Taking care of an infant takes a lot of work. Any parents can attest to this. It takes coordination, cooperation and communication with your partner, selflessness and sleeplessness. I wasn't even thinking about Leadville. But as winter slowly turned to spring, the thought kept coming into my head, especially when I thought of the Winston run. It had been five years since I first thought about the 100 and got derailed with my back injury. I was close to committing the year previous and I had the internal itch that I know so well. But there was no way that I could do this race without the full sign off of Rachel. We both knew that it would keep me away on many summer weekends with her home with Avery. It wasn't until late April or so that we really began discussions, but finally Rachel agreed that I should do it. It turned out that it would have been much easier to train while she was pregnant than it was when we and a new person in our home, but I didn't want to risk getting to the end and missing the race. And so, in early May, I ramped up my running, read all that I could read and signed up for the 2010 Leadville 100 Trail Race.

And so, after many weekends away, nights spent in resting up for the next days training, more miles than I've ever done, including a 50 mile race in Leadville in late July, I am now sitting on the cusp of the unthinkable. And I have the same exact feeling that I had before my first half marathon, my first marathon and before my first Pikes Peak Marathon. I can't really conceptualize in my head finishing the race. I can't believe that I am about to put myself through something so large that I can't get my mind around it. Those who have done it, to me, are superheros. The untouchables. I am well aware that we only get once chance at life and my biggest fear is getting to the end and not being able to say that I got the most out of it. Continuing to push myself to the limits is one way that I know of, for certain, that I am doing just that. In nine days I will line up in "downtown" Leadville at 4:00am with 775 other crazies and will try to accomplish the unaccomplishable. Is it dumb? Most people say yes. But for me, it's life. Am I ready? "The hay is in the barn," so to speak. Hopefully in ten days time I will cross the finish line and, as Steve Prefonatine once said, be "well satisfied." And plus, I have to finish. Rachel says that I can't try this again until Avery goes to college.

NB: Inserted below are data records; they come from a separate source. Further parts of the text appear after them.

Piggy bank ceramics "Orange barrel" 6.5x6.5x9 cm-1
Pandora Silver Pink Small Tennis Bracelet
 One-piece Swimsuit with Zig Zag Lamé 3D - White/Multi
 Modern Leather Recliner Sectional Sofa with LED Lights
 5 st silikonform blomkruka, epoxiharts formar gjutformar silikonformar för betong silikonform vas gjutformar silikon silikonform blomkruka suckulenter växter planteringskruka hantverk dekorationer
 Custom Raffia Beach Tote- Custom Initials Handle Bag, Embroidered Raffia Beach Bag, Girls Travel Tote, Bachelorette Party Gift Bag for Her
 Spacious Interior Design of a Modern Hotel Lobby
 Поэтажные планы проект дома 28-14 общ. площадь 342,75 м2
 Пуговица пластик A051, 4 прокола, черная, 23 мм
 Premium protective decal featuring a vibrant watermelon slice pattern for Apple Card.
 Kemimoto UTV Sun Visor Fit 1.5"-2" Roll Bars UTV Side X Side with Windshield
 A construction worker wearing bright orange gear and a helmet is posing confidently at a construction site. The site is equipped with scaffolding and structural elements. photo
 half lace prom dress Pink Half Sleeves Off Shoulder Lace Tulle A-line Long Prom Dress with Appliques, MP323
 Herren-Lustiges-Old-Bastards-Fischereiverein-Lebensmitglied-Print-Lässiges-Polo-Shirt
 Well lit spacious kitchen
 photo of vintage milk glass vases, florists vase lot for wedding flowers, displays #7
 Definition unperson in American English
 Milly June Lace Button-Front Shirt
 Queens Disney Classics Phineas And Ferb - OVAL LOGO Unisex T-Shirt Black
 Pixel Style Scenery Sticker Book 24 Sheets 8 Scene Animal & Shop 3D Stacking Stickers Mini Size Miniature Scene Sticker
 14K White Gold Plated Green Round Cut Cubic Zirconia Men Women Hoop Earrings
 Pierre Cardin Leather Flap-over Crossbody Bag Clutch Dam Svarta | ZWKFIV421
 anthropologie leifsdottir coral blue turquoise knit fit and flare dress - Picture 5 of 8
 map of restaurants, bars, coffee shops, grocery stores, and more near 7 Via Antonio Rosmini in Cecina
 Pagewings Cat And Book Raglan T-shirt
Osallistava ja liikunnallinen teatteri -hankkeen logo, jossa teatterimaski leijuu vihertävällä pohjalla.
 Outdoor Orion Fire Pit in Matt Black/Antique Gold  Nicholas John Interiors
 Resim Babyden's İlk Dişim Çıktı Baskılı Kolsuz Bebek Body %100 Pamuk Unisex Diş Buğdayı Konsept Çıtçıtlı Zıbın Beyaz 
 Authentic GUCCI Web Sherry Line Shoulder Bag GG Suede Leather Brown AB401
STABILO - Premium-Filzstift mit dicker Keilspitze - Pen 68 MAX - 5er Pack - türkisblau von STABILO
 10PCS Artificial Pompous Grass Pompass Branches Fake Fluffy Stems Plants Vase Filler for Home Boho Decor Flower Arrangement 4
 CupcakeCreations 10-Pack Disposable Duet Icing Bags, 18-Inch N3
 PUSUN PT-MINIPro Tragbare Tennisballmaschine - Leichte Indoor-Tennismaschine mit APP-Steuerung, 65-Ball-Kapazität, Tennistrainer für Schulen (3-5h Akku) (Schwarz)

If you want to read an in-depth report about the 24 For Winston run I did, go here:


Amy Gitchell said...

You are a lunatic. A longwinded one at that. But, it appears you are an excellent writer. It is an article/essay, not a blog post, and with someone (i.e. me) to edit it, you might be surprised who would publish it.
Where's your 24 for Winston story?
I like the chip explanation. I don't know what pacing is (I mean outside of the Pickle).
This is a great piece for non-runners to read. We don't get it. Runners already know what you're trying to convey.
Fine tune it and send it in to ten publications. What's the worst that can happen? Break your back, spend time in jail, be a Cubs fan?

Jennifer Bertrand said...

Fun read, Fletch!! Dare I show it to Chris Bertrand? :) I find it very impressive how you all manage to complete those runs!!! (Right now in my life, I have not hit the awake point and cannot drive that far!) Run Forrest, Run!!!!

Anonymous said...

Chris, what a good writer you are. I am proud to have you for a son in law, and the only reason I worry is because you're worth it. I want you there for you, Rachel, and Avery for many years. Yah, I know, it's a "mother's" perogative to worry, but no injuries allowed.